PEKIN, 30 juil 2008 (AFP) - A quelques jours de l'ouverture des jeux Olympiques de Pékin, la Chine n'est pas revenue sur son interdiction d'entrée pour les personnes contaminées par le virus VIH, dénoncée comme discriminatoire par de nombreuses associations.
Les visiteurs sont toujours tenus de déclarer s'ils sont porteurs du VIH lors de leur demande de visa, comme l'indiquent les formulaires publiés sur le site du ministère des Affaires étrangères, s'exposant à un refus d'entrée pur et simple.
A titre d'exemple, la star américaine du basketball Earvin "Magic" Johnson ne pourrait pas se rendre en Chine en tant que touriste, 17 ans après avoir annoncé sa séropositivité et 16 ans après que sa "Dream Team" eut remporté l'or à Barcelone (1992).
En novembre, le ministère chinois de la Santé avait pourtant fait savoir que le gouvernement souhaitait revenir sur ces dispositions. Mais il s'est contenté, la semaine dernière, d'annoncer la levée d'un autre type d'interdiction médicale, celle jusqu'alors faite aux lépreux, décevant les organisations militant contre la discrimination anti-sida.
"Cela reste une bataille à mener", a commenté pour l'AFP Connie Osborne, chargée du dossier VIH-sida au sein de l'Organisation mondiale de la Santé en Chine.

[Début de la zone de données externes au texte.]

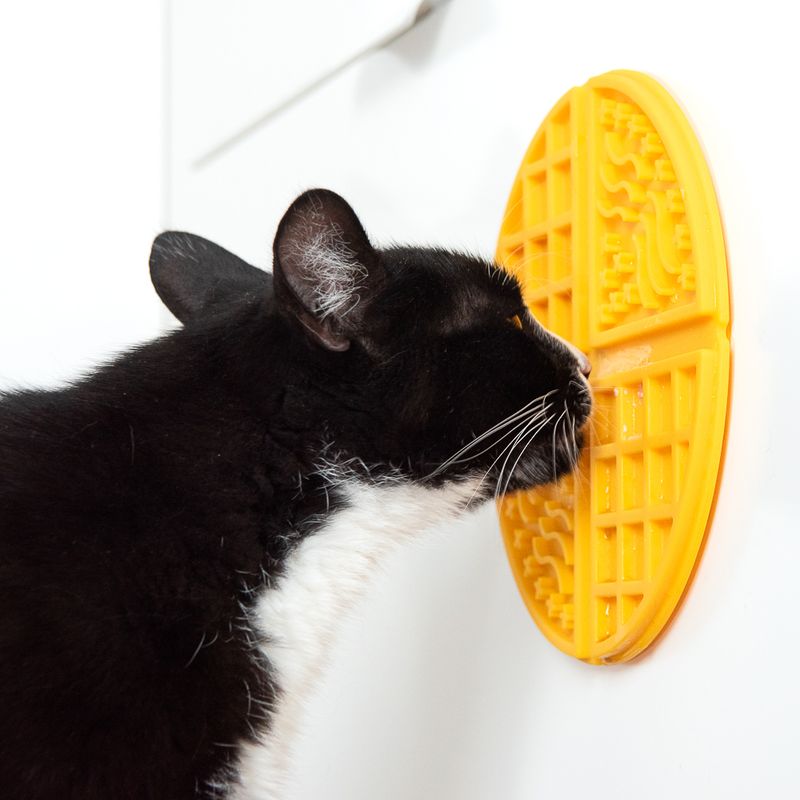 Schleckmatte Waffle für Hund und Katze zu TOP-Preisen | bitiba.de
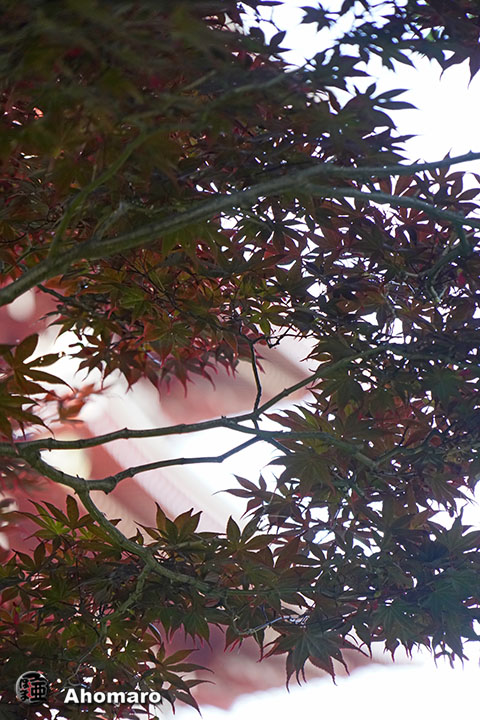 写真00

Cette médecin zambienne avait espéré que la Chine réviserait sa position sur cette "question sensible" avant les Jeux, jugeant cruciale toute mesure de nature à diminuer l'ostracisme dont sont victimes les malades chinois.
"Si l'on ne s'occupe pas de la discrimination, les gens à risques ou peut-être contaminés disparaissent" des statistiques et du réseau de suivi médical, ajoute-t-elle.
Connie Osborne estime néanmoins que la Chine a réalisé d'importants progrès sur d'autres fronts, notamment la sensibilisation au niveau local et même la qualité des soins dans les provinces les plus affectées comme le Henan et le Yunnan.
"Nous voyons de plus en plus de prise de conscience à l'échelon local, alors qu'avant, seul le gouvernement central s'en préoccupait", dit Mme Osborne, en poste depuis plus de trois ans.
Mais la Chine pourrait bien être montrée du doigt, comme tous les autres pays restreignant les voyages des porteurs du VIH, lors de la conférence internationale sur le sida de Mexico qui s'ouvre dimanche et se termine le jour du coup d'envoi des Jeux de Pékin (8-24 août).
Actuellement, 67 nations sont dotées de lois restreignant l'entrée sur leur sol des séropositifs ou des malades.
La Chine demande même aux étrangers désireux d'obtenir une autorisation de résidence de subir des tests de détection.
Mais en cet été 2008, athlètes et membres des délégations devraient échapper à la déclaration obligatoire.
"Les membres de la famille olympique atteints du sida pourront néanmoins venir à Pékin", a affirmé à l'AFP Zhu Jing, une porte-parole du comité d'organisation des jeux de Pékin.
Ni le ministère de la Santé ni celui des Affaires étrangères n'ont souhaité s'exprimer sur ce sujet.
Fin 2007, quelque 700.000 personnes étaient séropositives en Chine, selon les statistiques chinoises établies avec l'OMS et les Nations unies.
Les militants estiment cependant que ce nombre pourrait être jusqu'à dix fois plus élevé.